United Airlines passenger Carrol Amrich had just purchased a ticket. There was a family emergency. Carrol needed to get home ASAP. Her mother was dying.

As she sits in her seat on board, a flight attendant tells Carrol that her ticket was cancelled and refunded due to an error.

Carrol tries to explain. She paid for the ticket. She really, really needs to get home to her mother. The attendant says, “Nobody flies for free.” Carrol is booted off the plane. Carrol jumps in her car and drives 1,000 miles, rushing to get to her mother in time to say goodbye.

She was too late.

Carrol’s mother dies before she arrives.
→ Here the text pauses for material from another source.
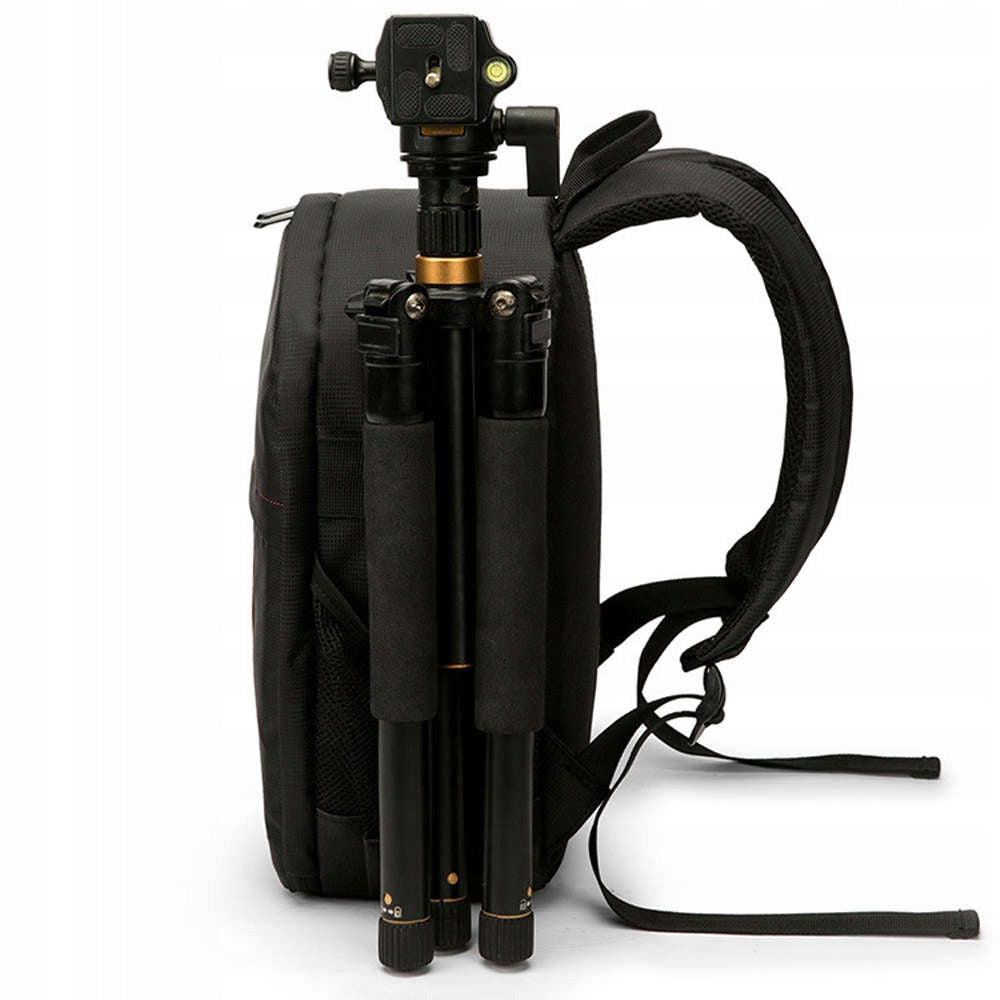 Fotografinė kuprinė-tašė fotoaparatui Canon Nikon, vaizdo kamerai, planšetiniam kompiuteriui GoPro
United Airlines responds, subtly blaming Carrol for their mistake:

I am just so sorry… it was unfortunate the ticket ended up voided. Had she (Carrol) contacted us directly to make the change, this all would have been avoided.

A United Airlines representative reached out to Carrol’s landlord to ask where they could send flowers.

Tone deaf.

United’s story is extreme. These mistakes — the generalizations, insincerity and platitudes — they’re all around us. 
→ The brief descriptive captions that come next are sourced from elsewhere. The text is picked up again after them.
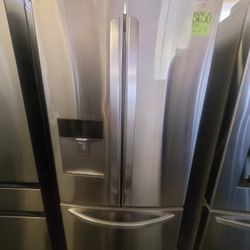 Refrigerator Lg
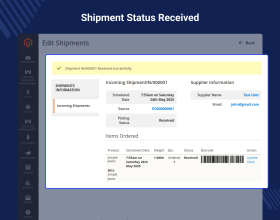 Magento 2 Barcode Inventory  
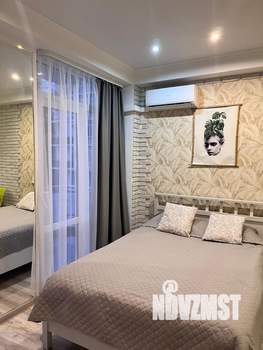 1-к квартира, посуточно, 25м2, 2/7 этаж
Yet many healthcare practices do this to patients every day.

How?

When something goes wrong (e.g., negative review, unhappy patient, poor experience), the practice shifts their focus to damage control by doing little.

It’s horrible but incredibly common.

Here’s why: When a practice makes a mistake, the patient feels they don’t matter. They become upset.

This is an incredible opportunity for you to pull ahead of your colleagues and win
amazing ⭐⭐⭐⭐⭐
  reviews from passionate patient evangelists.

Here’s how:

  • Expect pain. When patients are hurt or unhappy expect that you’ll be hurt as well. This shows patients you’re willing to go to their dark place with them. That you’re reliable and someone to be counted on.
  • Ask them about their experience, what happened, what they’d like to see happen, what you can do to make it right. This shows you take them seriously and that you care.
  • Follow their lead. Do patients feel like venting about you on Yelp? Engage them there. Are patients posting Facebook comments about another patient’s negative review? Jump into the conversation, if only to listen. Forget about rebuttals. Focus on listening, learning and understanding and you’ll have the info you need to wisely resolve the crisis.
  • Spend what it takes to fix the problem properly. Remember when United Airlines overbooked and asked passengers to give up seats, then forcibly dragged Dr. David Dao off their plane? Their share price dropped 12 percent and cost the airline $1.3 billion. Then they had to settle with Dr. Dao for an untold sum speculated to be millions. There was also the intangible loss of passenger goodwill. Expensive consequences.
  • Follow up. Check in with your disappointed patient to make certain their problems have been resolved.

Bottom Line:

Patients and review readers recognize sincerity. They recognize those who care about them. Review management and the success of your practice depends on building and maintaining patient relationships.

Exceed your patients’ expectations 100% of the time.